• [INSTRUCTIONS TO FOLLOW]
Extract the line that contains "楽天市場】POLA ポーラ はじめまして ベビーフォームシャンプー" and every line after it through the end of the records below, exactly as written, leaving out any pictures.

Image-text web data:
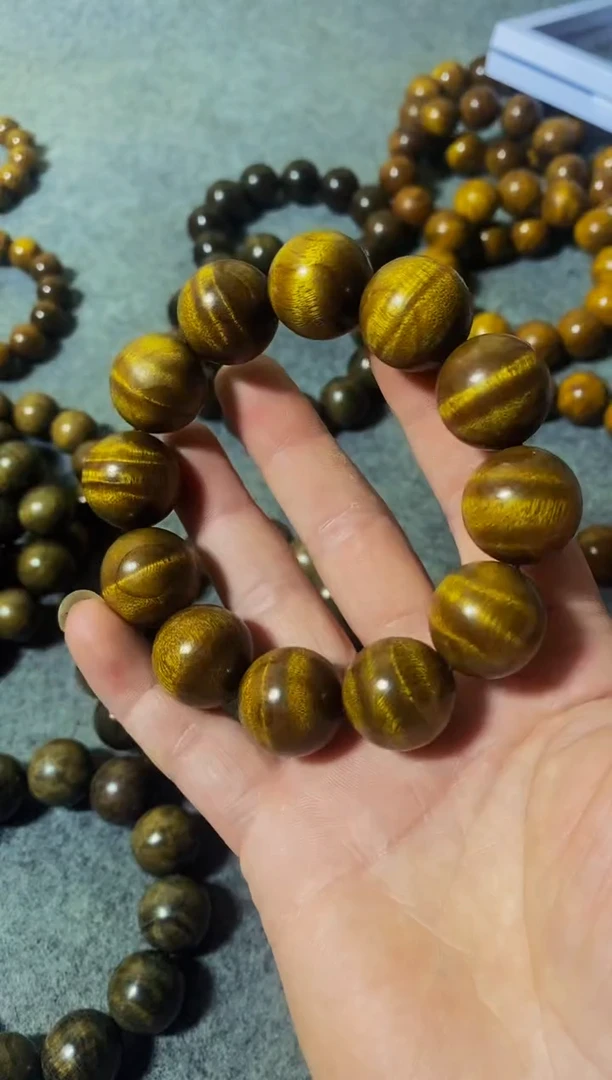 【闪购商品】金丝楠小叶桢楠金丝楠2.0枯木花纹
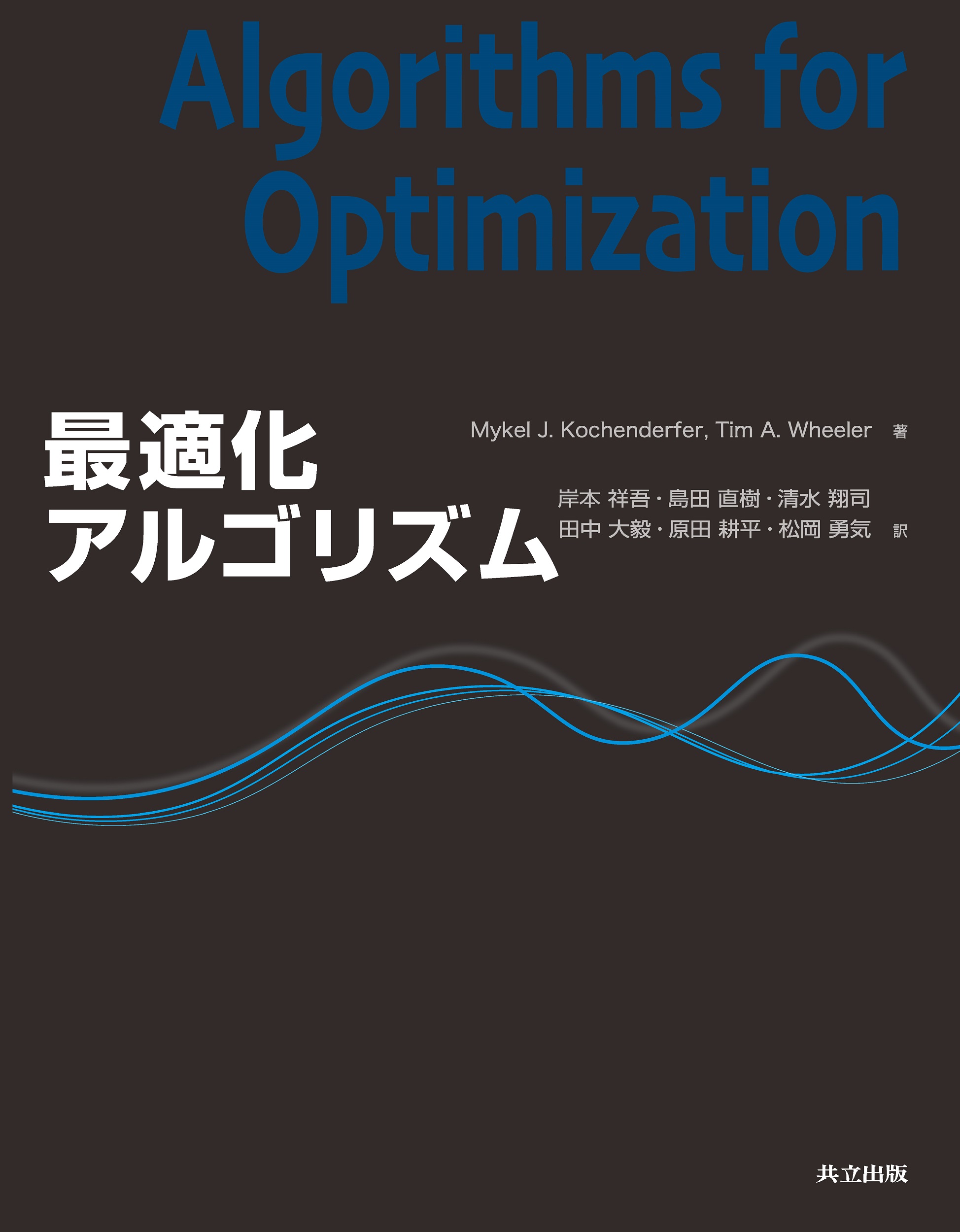 最適化アルゴリズム - 共立出版
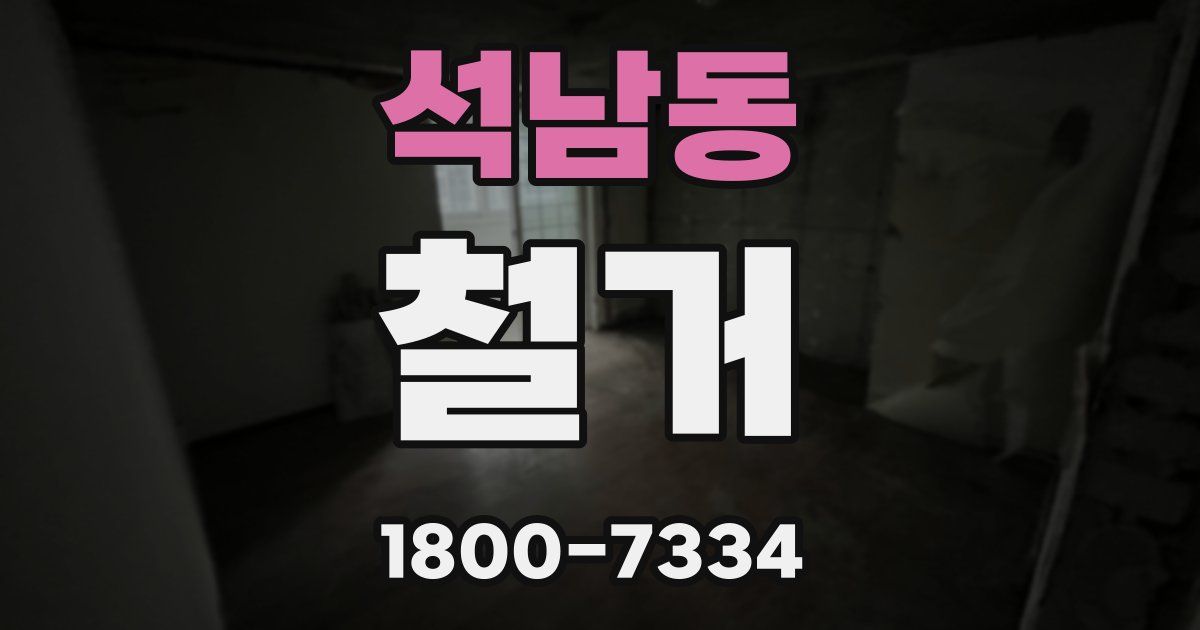 석남동 철거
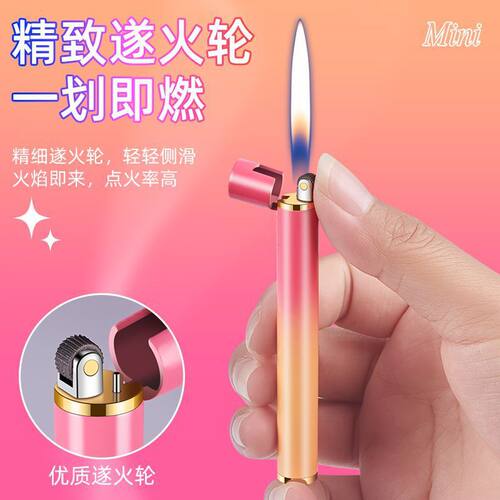 小红书网红同款超细砂轮打火机迷你烟型小巧点烟器送男友礼物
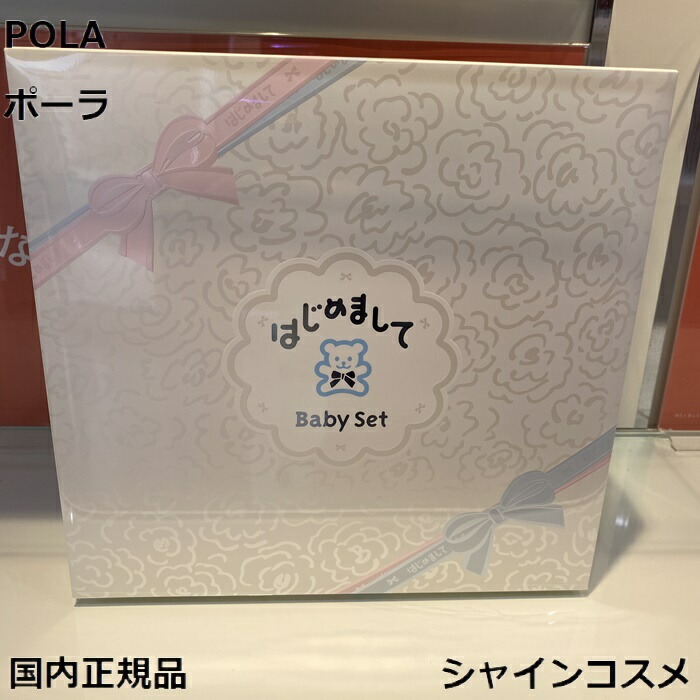 楽天市場】POLA ポーラ はじめまして ベビーフォームシャンプー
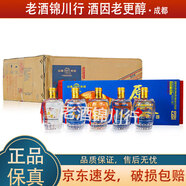 汾酒 原漿小酒版 2013年 60度 100ml 清香型白酒 100ml*5瓶*4盒 整箱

• [RESPONSE TO THE TASK]
 楽天市場】POLA ポーラ はじめまして ベビーフォームシャンプー
 汾酒 原漿小酒版 2013年 60度 100ml 清香型白酒 100ml*5瓶*4盒 整箱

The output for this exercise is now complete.